▶ [EXERCISE DIRECTIONS]
All pictures are to be omitted while the lines starting at the line with "241025-110645-06660 - 010-Julia.Norman-SCOTCH.ON.THE.ROCK'Z" and ending at the line with "Used 2018 Ford" in the material below are retyped exactly, both ends included.

▶ [MATERIAL PROVIDED]

◇ ◇ ◇ ◇ ◇

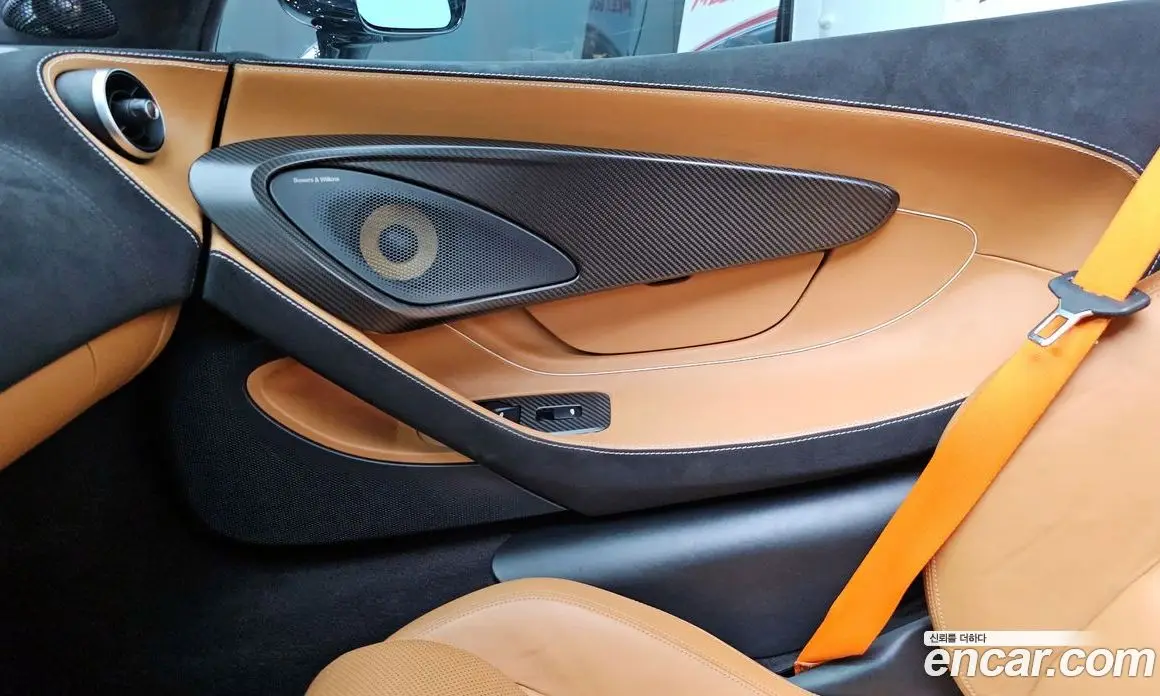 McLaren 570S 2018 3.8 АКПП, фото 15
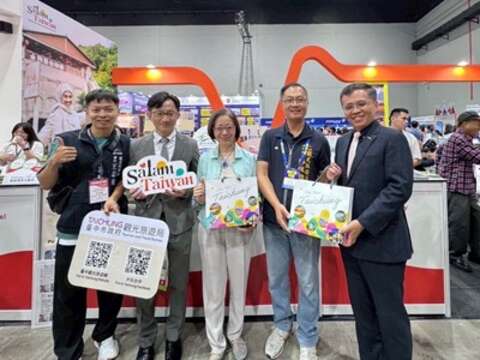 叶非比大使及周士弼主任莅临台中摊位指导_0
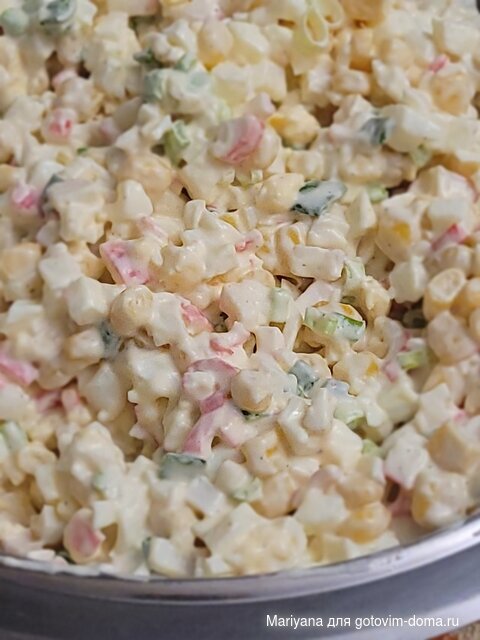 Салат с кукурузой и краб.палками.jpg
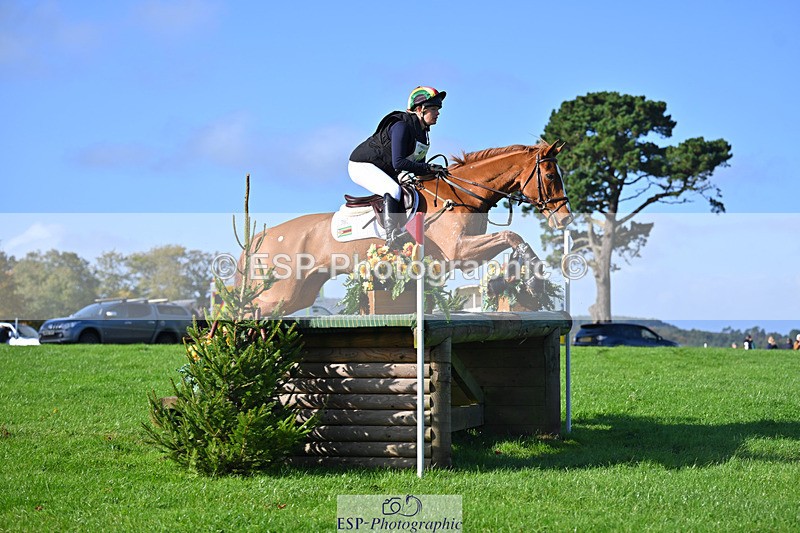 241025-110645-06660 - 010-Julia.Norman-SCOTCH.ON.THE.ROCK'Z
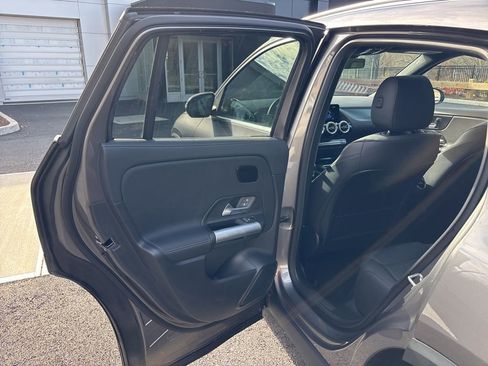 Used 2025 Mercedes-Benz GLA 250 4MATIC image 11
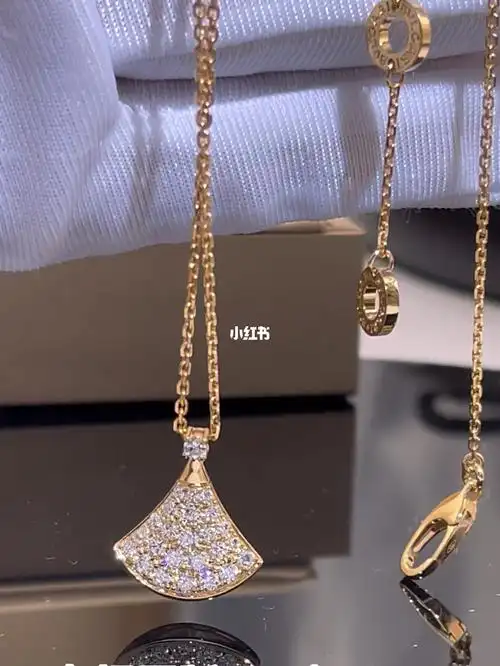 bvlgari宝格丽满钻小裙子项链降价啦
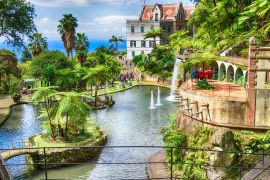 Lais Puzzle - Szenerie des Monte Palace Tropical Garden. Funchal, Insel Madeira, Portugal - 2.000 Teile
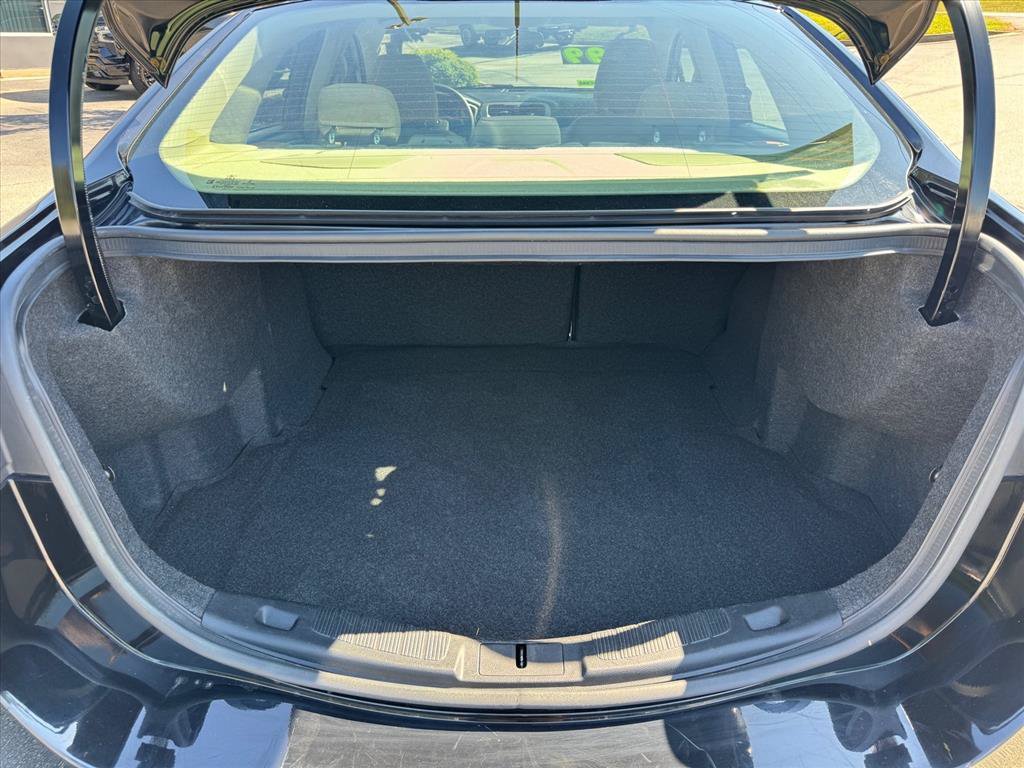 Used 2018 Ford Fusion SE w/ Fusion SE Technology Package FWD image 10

◇ ◇ ◇ ◇ ◇

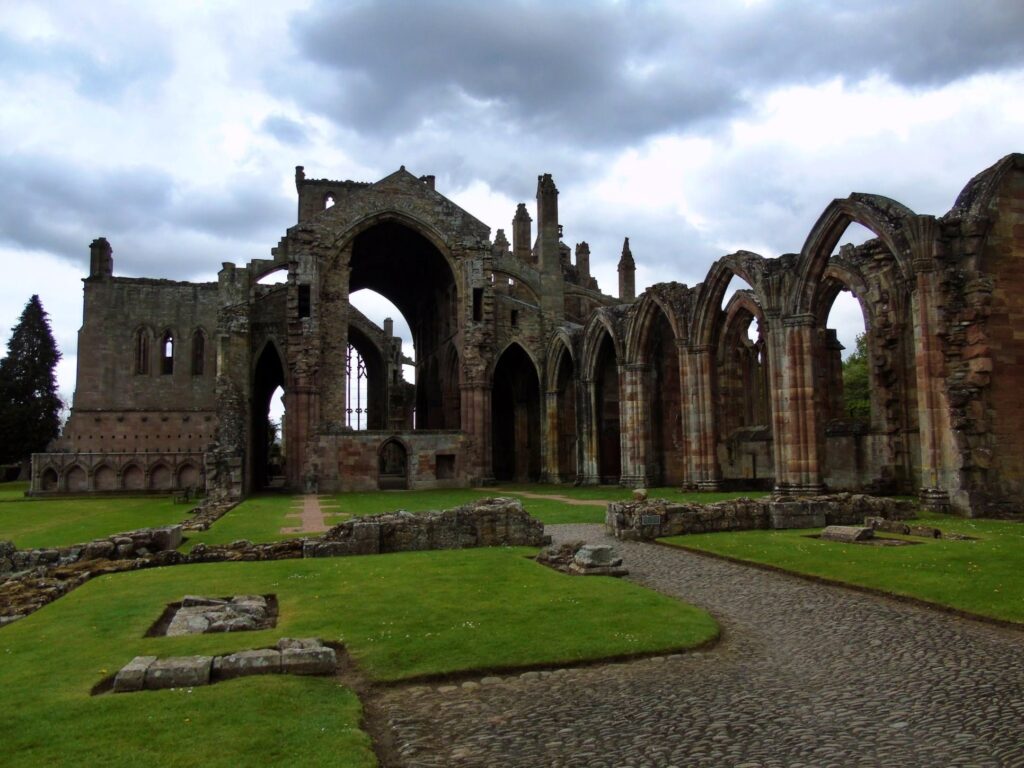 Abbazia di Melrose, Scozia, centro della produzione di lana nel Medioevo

◇ ◇ ◇ ◇ ◇

▶ [ANSWER SPACE]
 241025-110645-06660 - 010-Julia.Norman-SCOTCH.ON.THE.ROCK'Z
 Used 2025 Mercedes-Benz GLA 250 4MATIC image 11
 bvlgari宝格丽满钻小裙子项链降价啦
 Lais Puzzle - Szenerie des Monte Palace Tropical Garden. Funchal, Insel Madeira, Portugal - 2.000 Teile
 Used 2018 Ford Fusion SE w/ Fusion SE Technology Package FWD image 10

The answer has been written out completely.